▶ **Data segment**
════════════════════
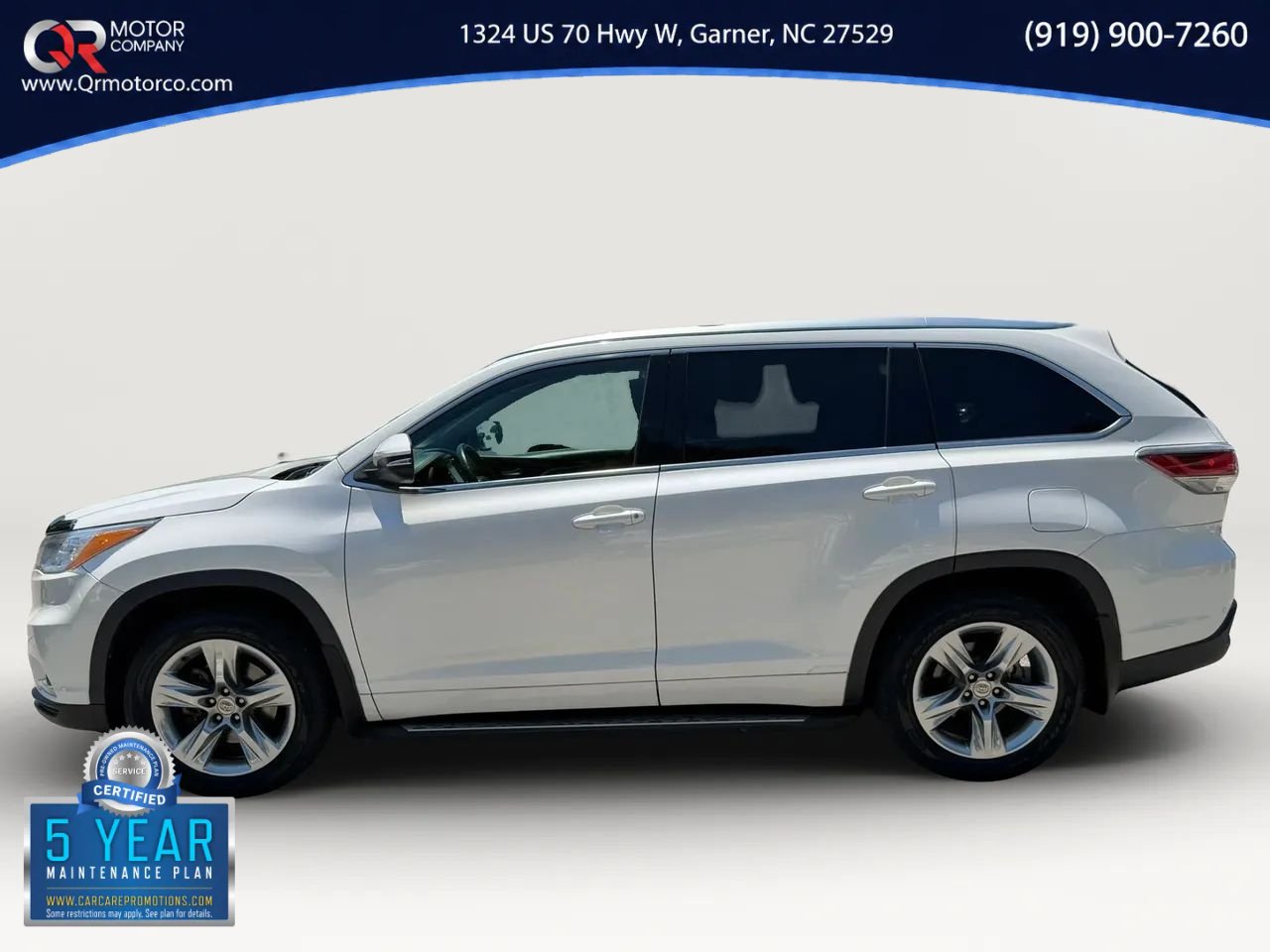 Used 2014 Toyota Highlander Limited Platinum FWD image 6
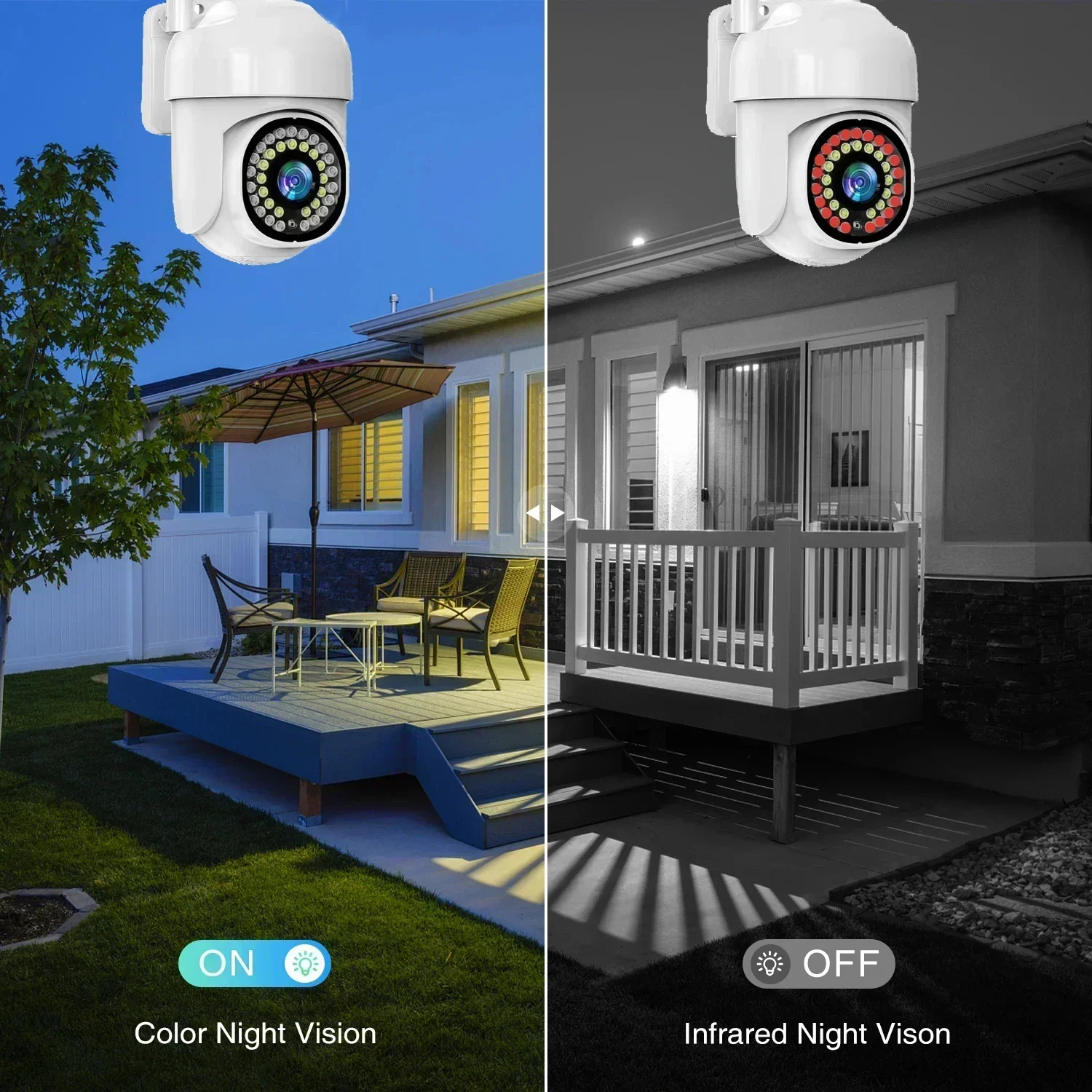 Yoosee Câmera IP HD 3MP 5MP Vigilância Externa Visão Noturna - Imagem 6
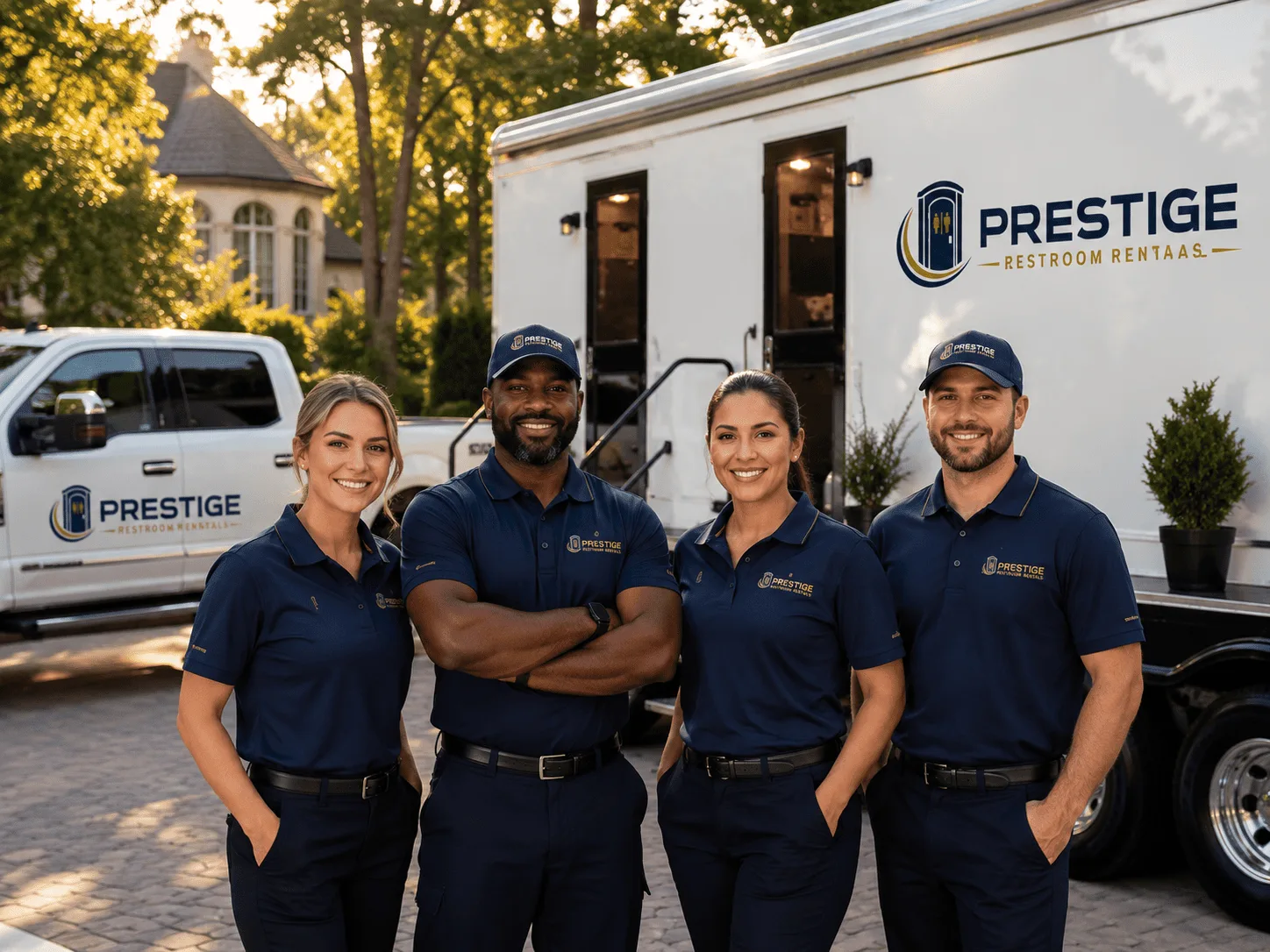 Trusted Luxury Portable Restrooms company in Weeksbury, KY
════════════════════
▶ **Task requirements**
For this copy, leave pictures out and reproduce the lines from the one bearing "Yoosee Câmera IP" through the final line of the listing above, both ends included.

▶ **Exercise response**
 Yoosee Câmera IP HD 3MP 5MP Vigilância Externa Visão Noturna - Imagem 6
 Trusted Luxury Portable Restrooms company in Weeksbury, KY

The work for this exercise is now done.